Wednesday, June 6, 2018

Pentagon UFO Research Also Studied Poltergeists, Invisible Entities, and “Bizarre Creatures”

Via mysteriousuniverse.org by Brett Tingley

In years to come, UFO researchers may look back upon the Pentagon revelations over the last year as a turning point in government disclosure. Of course, it could also likely be that these are a clever smokescreen, a ruse, or a distraction intended to mislead the public as usual. Whatever the case may be, it seems that the government is taking an interest, at least on paper, in some of the higher mysteries of our physical reality. A trove of documents obtained by CBS affiliate KLAS-TV in Las Vegas have revealed that the Pentagon’s $22 million UFO program researched not only anomalous aerial phenomenon, but warp engines, dark energies, and exploring other dimensions.

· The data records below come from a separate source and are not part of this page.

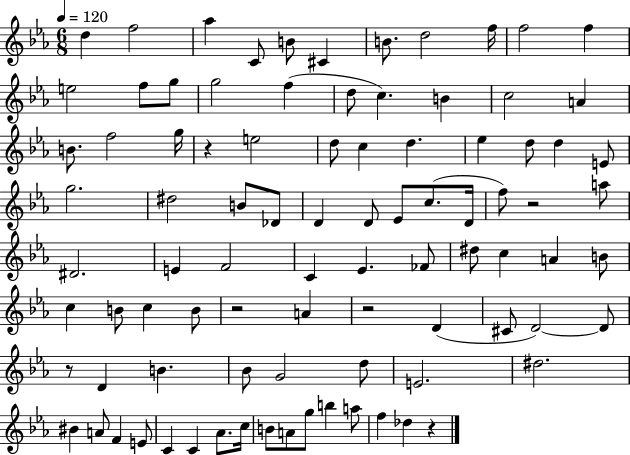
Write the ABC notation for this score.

X:1
T:Untitled
M:6/8
L:1/4
K:Eb
d f2 _a C/2 B/2 ^C B/2 d2 f/4 f2 f e2 f/2 g/2 g2 f d/2 c B c2 A B/2 f2 g/4 z e2 d/2 c d _e d/2 d E/2 g2 ^d2 B/2 _D/2 D D/2 _E/2 c/2 D/4 f/2 z2 a/2 ^D2 E F2 C _E _F/2 ^d/2 c A B/2 c B/2 c B/2 z2 A z2 D ^C/2 D2 D/2 z/2 D B _B/2 G2 d/2 E2 ^d2 ^B A/2 F E/2 C C _A/2 c/4 B/2 A/2 g/2 b a/2 f _d z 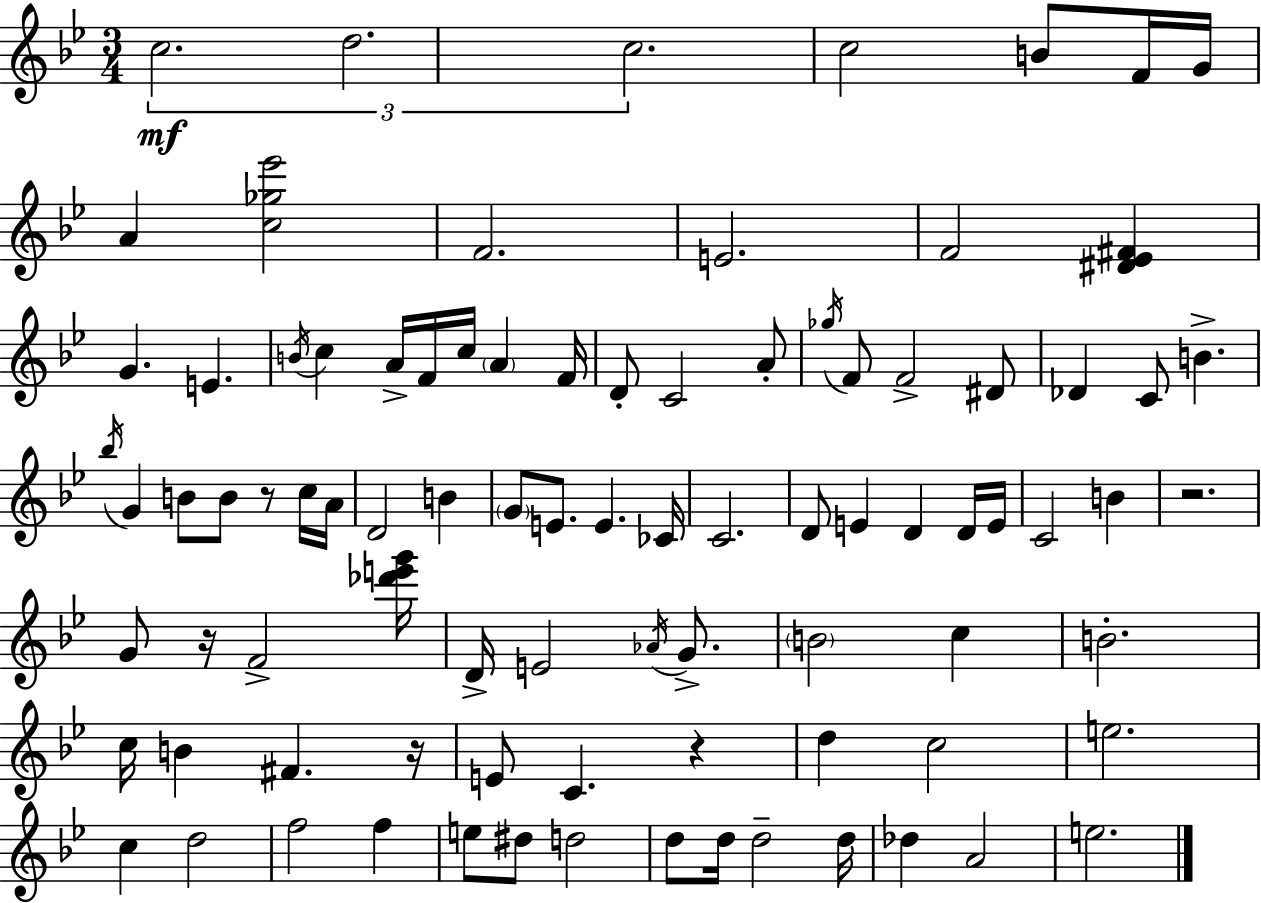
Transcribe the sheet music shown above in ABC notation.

X:1
T:Untitled
M:3/4
L:1/4
K:Bb
c2 d2 c2 c2 B/2 F/4 G/4 A [c_g_e']2 F2 E2 F2 [^D_E^F] G E B/4 c A/4 F/4 c/4 A F/4 D/2 C2 A/2 _g/4 F/2 F2 ^D/2 _D C/2 B _b/4 G B/2 B/2 z/2 c/4 A/4 D2 B G/2 E/2 E _C/4 C2 D/2 E D D/4 E/4 C2 B z2 G/2 z/4 F2 [_d'e'g']/4 D/4 E2 _A/4 G/2 B2 c B2 c/4 B ^F z/4 E/2 C z d c2 e2 c d2 f2 f e/2 ^d/2 d2 d/2 d/4 d2 d/4 _d A2 e2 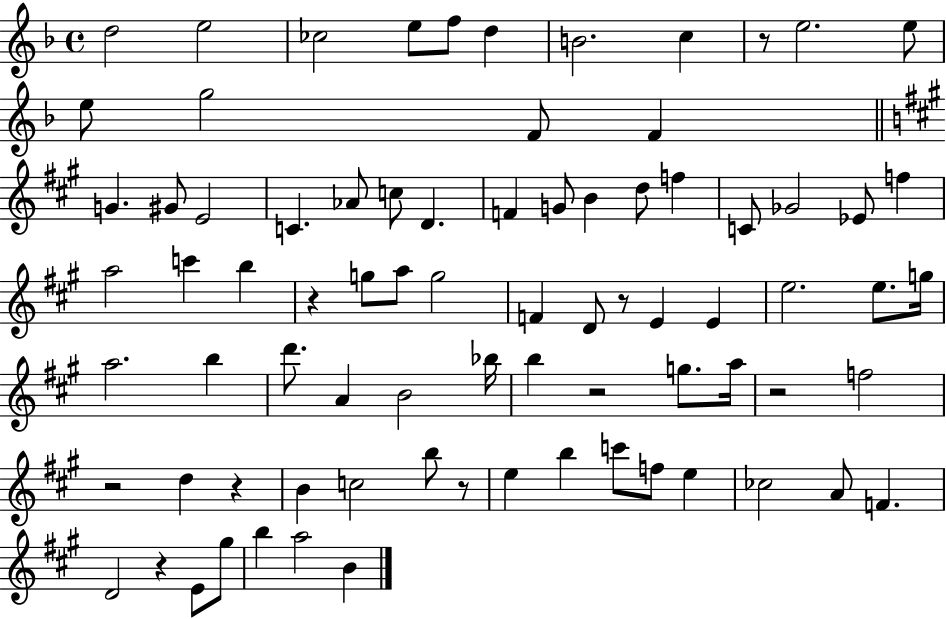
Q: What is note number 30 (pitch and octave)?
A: F5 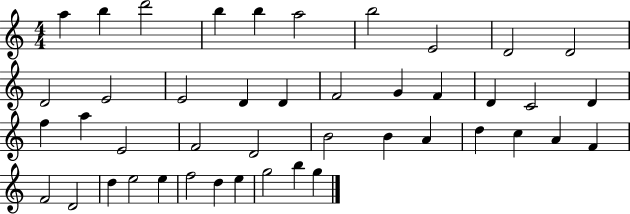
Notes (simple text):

A5/q B5/q D6/h B5/q B5/q A5/h B5/h E4/h D4/h D4/h D4/h E4/h E4/h D4/q D4/q F4/h G4/q F4/q D4/q C4/h D4/q F5/q A5/q E4/h F4/h D4/h B4/h B4/q A4/q D5/q C5/q A4/q F4/q F4/h D4/h D5/q E5/h E5/q F5/h D5/q E5/q G5/h B5/q G5/q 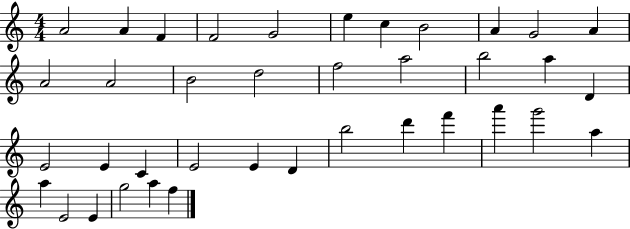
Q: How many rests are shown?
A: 0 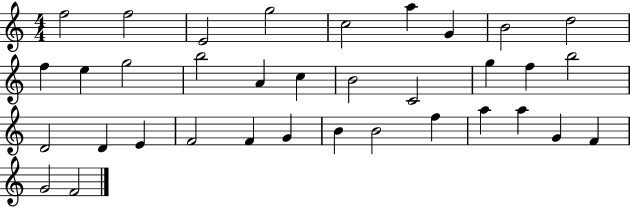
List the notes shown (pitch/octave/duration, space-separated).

F5/h F5/h E4/h G5/h C5/h A5/q G4/q B4/h D5/h F5/q E5/q G5/h B5/h A4/q C5/q B4/h C4/h G5/q F5/q B5/h D4/h D4/q E4/q F4/h F4/q G4/q B4/q B4/h F5/q A5/q A5/q G4/q F4/q G4/h F4/h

It doesn’t stop there, it seems. In a page seemingly taken out of The X-Files greatest hits, a spokesperson for one of the Pentagon-funded research programs suggests that the government took an interest in a whole range of paranormal phenomena unrelated to space travel altogether. The statement was issued by a representative of Bigelow Aerospace Advanced Space Studies (BAASS), a secretive aerospace firm headed by conspiracy-theory-target Robert Bigelow, a recurring figure in UFO and shadowy government research lore. According to the statement, KLAS-TV reports, the research project touched upon a wide range of mysteries:

The investigations by BAASS provided new lines of evidence showing that the UFO phenomenon was a lot more than nuts and bolts machines that interacted with military aircraft. The phenomenon also involved a whole panoply of diverse activity that included bizarre creatures, poltergeist activity, invisible entities, orbs of light, animal and human injuries and much more.



The statement also says that BAASS believes “the UFO phenomenon was capable of manipulating and distorting human perception,” and that the human body can serve “as a readout system for dissecting interactions with the UFO phenomenon.” Placing the word “dissecting” alongside the human body is a bit disconcerting, but macabre wordplay aside, the statement seems to suggest that a wide range of experimental psychological or medical research on human eyewitnesses could have been involved in this project.

 Do we really want to know how deep this rabbit hole goes? After all, it might go nowhere at all. Is this all a distraction intended to discredit the serious study of anomalous aerial phenomena, or might there be some truth hidden in these reports after all?